Double-flowered gloxinia (Sinningia speciosa) cultivars with foliar variegation might have a greater market appeal as flowering foliage plants. Crosses were made among 16 gloxinia cultivars and their progenies were analyzed to determine the inheritance of leaf vein color, flower form, and floral symmetry. All plants from self-pollinating white-veined cultivars or crosses between white-veined and green-veined cultivars produced white veins. Progeny derived from self-pollinating plants of white-veined cultivars × green-veined cultivars segregated into a ratio of 3 white-veined:1 green-veined. All plants from self-pollinating or cross-pollinating single-flowered cultivars produced single flowers. Progeny of self-pollination or crosses between double-flowered cultivars segregated into a ratio of 3 double flowers:1 single flower. Contingency chi-square tests revealed that leaf vein color and flower form were inherited independently. New gloxinia progenies with homozygous white veins and double flowers were successfully developed from the F2 segregating population. Plants from self-pollinating or cross-pollinating cultivars with actinomorphic flowers produced actinomorphic flowers. A single dominant gene expressed in the homozygous or heterozygous state resulted in the zygomorphic flowers. Independent inheritance was observed between vein color and floral symmetry. Air spaces between the epidermis and the mesophyll cells were observed in the white, but not in the green, leaf vein portions. Net photosynthesis did not differ significantly between the white vein and adjacent green portion of the same leaf.

Florist gloxinia (Sinningia speciosa) is native to Brazil within the family Gesneriaceae. Gloxinia is a popular flowering potted plant grown for its fleshy, velvety leaves and large colorful flowers with various symmetries and forms. The wholesale value of potted gloxinia reached $500,000 in 2009 and 2014 (U.S. Department of Agriculture, 2021).

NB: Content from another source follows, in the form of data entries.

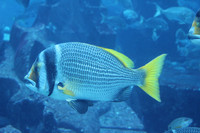 Dubai's Exotic Fish 1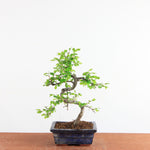 Bonsai Ulmus Parvifolia - Chinese Iep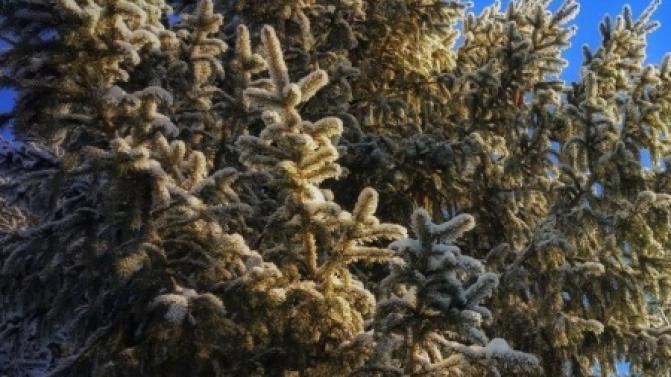 В Первоуральске потеплеет к середине рабочей недели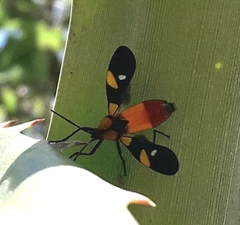 Oncopeltus spectabilis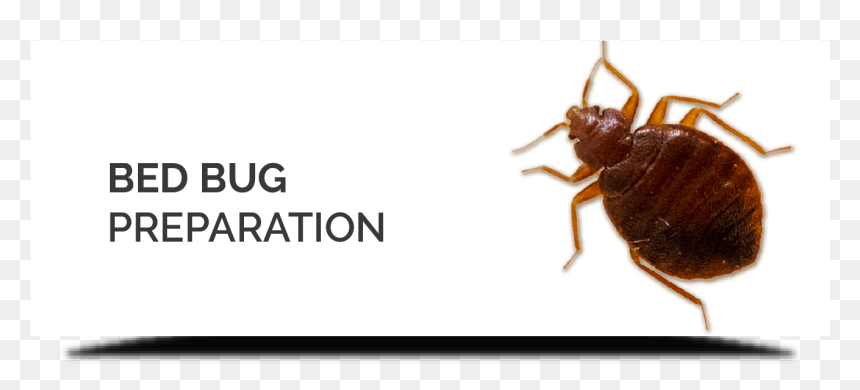 Beetle, HD Png Download - bed bug png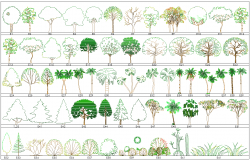 Tree Blocks autocad file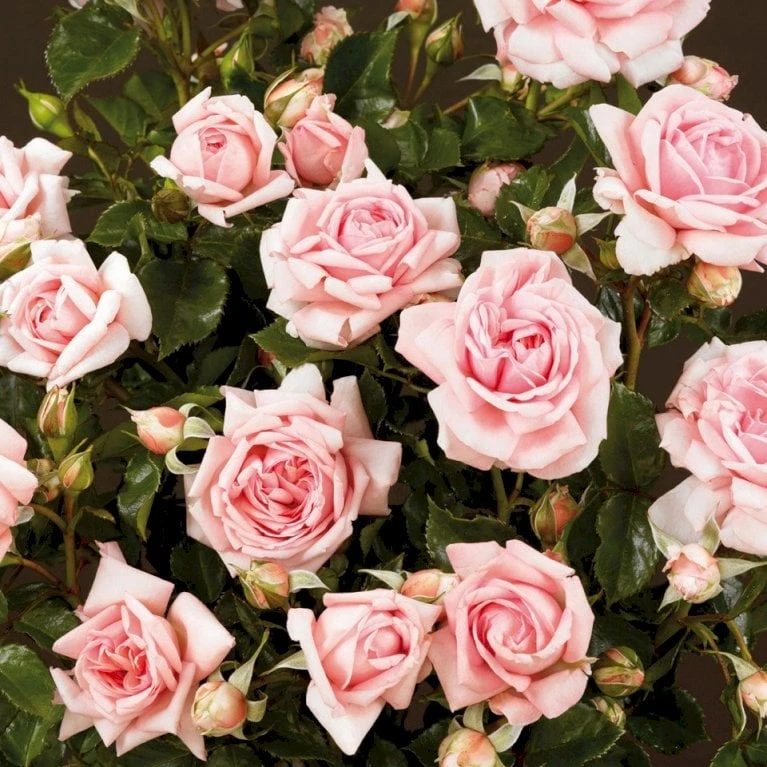'Mamma Mia'™ Rosa X 'Mamma Mia'™ (Slyngrose) A-Kvalitet,- Barrods Roser Min. 3 Grene 8 'Mamma Mia'™ Rosa X 'Mamma Mia'™ (Slyngrose) A-Kvalitet,- Barrods Roser Min. 3 Grene - Billede 6
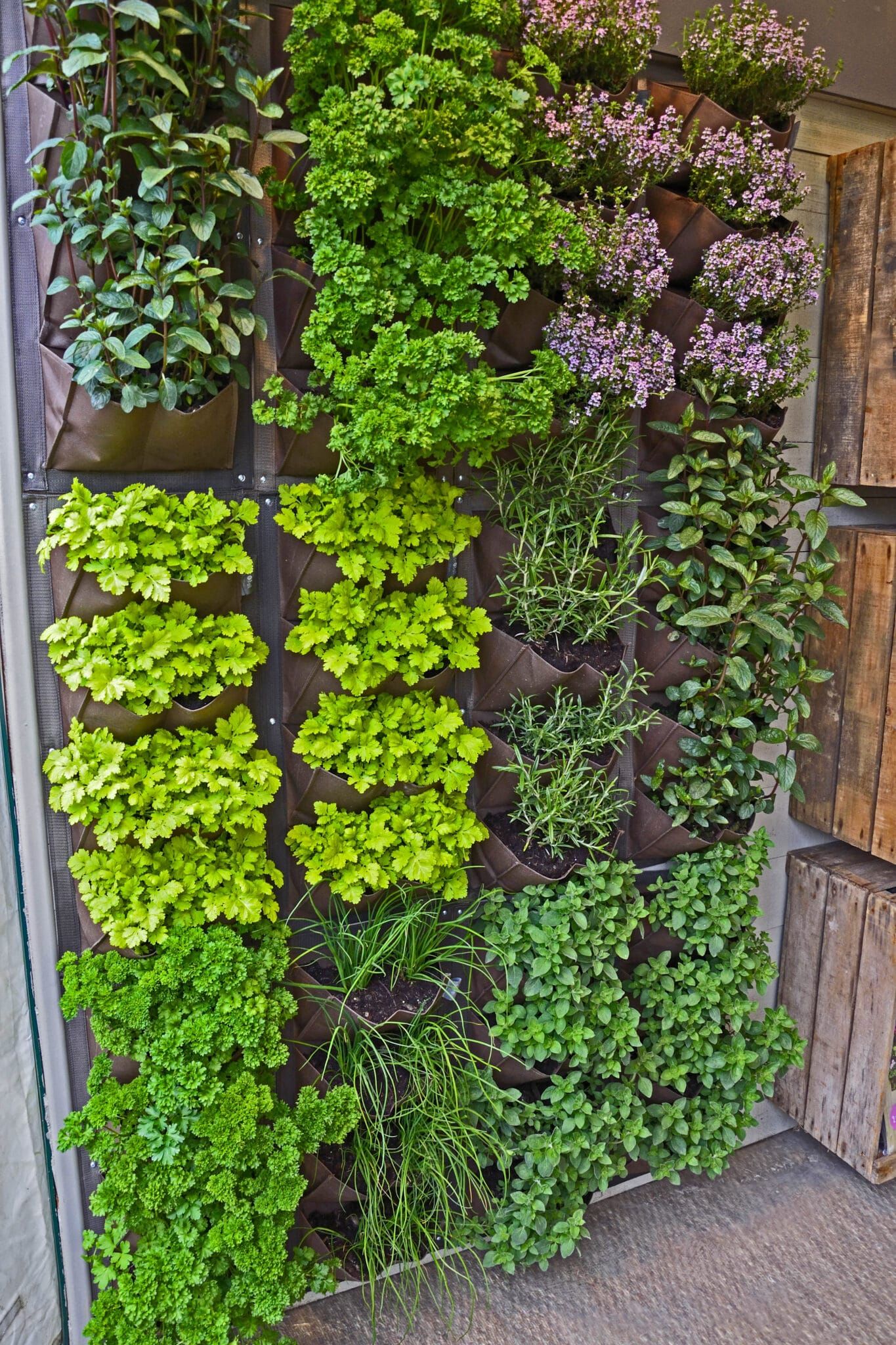 Creative Ways to Maximize Space in Your Tiny Garden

Depending on the cultivar, gloxinia have zygomorphic or actinomorphic flowers (Zaitlin, 2012). Actinomorphic floral symmetry is controlled by a recessive allele (cc), whereas a single dominant gene expressed in the homozygous (CC) or heterozygous (Cc) state results in zygomorphic floral symmetry (Hsu et al., 2017). The flower form is controlled by one single nuclear locus with two alleles, and that double flower is dominant over single flowers. The double-flowered heterozygote occasionally has markedly fewer petals than the double-flowered homozygote of gloxinia (Clayberg, 1975; Shalit, 2000). Double-flowered gloxinia cultivars with white leaf veins are commercially desirable but are currently rare.

Inheritance of foliar variegation has been studied in several genera of foliage plants such as aglaonema (Aglaonema sp.), caladium (Caladium sp.), and dieffenbachia (Dieffenbachia sp.), but not in the Gesneriaceae family. The presence of foliar variegation in aglaonema and dieffenbachia is dominant in nonvariegation (Henny and Chen, 2010). Inheritance of the white foliar midrib is controlled by a single dominant nuclear gene in three dieffenbachia cultivars (Henny, 1983). A single dominant allele determines the presence of silver–grey stripes overlaying the leaf veins in aglaonema cultivars (Henny, 1986). A single locus with three alleles determines the main vein color in caladium cultivars. The locus has been designated as V and the order of dominance is Vr (red vein) > Vw (white vein) > Vg (green vein) (Deng and Harbaugh, 2006). No information regarding the inheritance of the white vein in gloxinia is currently available.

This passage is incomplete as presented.